Throughout the history of the church, some have shied away from instruments in worship or in some cases, even from singing at all. In fact, one well-known reformer said in his commentary that these instructions about playing instruments applied only to Israel, and not to the church. But I would strongly disagree with that statement.

The reason that the NT doesn’t say a lot about music is that the OT says so much about it, and many of those OT principles carry-over. That doesn’t mean that there aren’t any differences between OT and NT music in worship, but I do believe that there are many similarities.

Finally, I think we see from these verses that worship is meant to be participatory. Worship is not a spectator sport, and we’ll see that even more clearly in the last verse.


Verse 6 says, “let everything that has breath praise the LORD.”

Now the question arises, “Does that include animals that breathe, or just people?” And I think it’s pretty clear that this is not a reference to animals, but just to people. And the reason is that almost without fail, when this Hebrew word for breath is used, it is a reference to people.

Also, in many of the passages in which this word is used, there is an allusion to Gen. 2:7, which says that God breathed into man’s nostrils the breath of life.

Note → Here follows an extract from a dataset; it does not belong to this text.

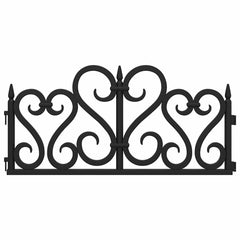 vidaXL Lawn Edgings 17 pcs Black 10 m PP 4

There’s a line in one of the hymns we sang today that I just love. It refers to “all that borrows life from Thee.” Did you know that your ability to breathe, which is a symbol of your life, was given to you by God? If it wasn’t for Him, you wouldn’t be here! You wouldn’t be functioning as one of His image-bearers. If it wasn’t for Him, you wouldn’t be you! And so you ought to praise Him with your breath!

Now what type of praise does that imply? (vocal praise, and specifically singing) So lest you think that the idea of singing is absent from this psalm, it shows up here in v. 6.

Congregational singing is and always has been the most-important aspect of musical worship. Even in the elaborate temple worship we read about in the OT, the instruments were only to supplement vocal praise.

So what this verse is saying is that the breath I borrow from God, I owe to Him in praise. I must sing to Him because I owe Him my very existence.


So as we conclude today, let me ask you, “How did God conclude the book of Psalms?” Not with a theological summary. Not with an extended, complex poem. But with a very simple, yet passionate plea for passionate worship. Whole-hearted worship. Enthusiastic worship. Worship worthy of its object.

So let me finish by asking you a very simple question: Do you give God the kind of praise that He deserves? Let’s pray.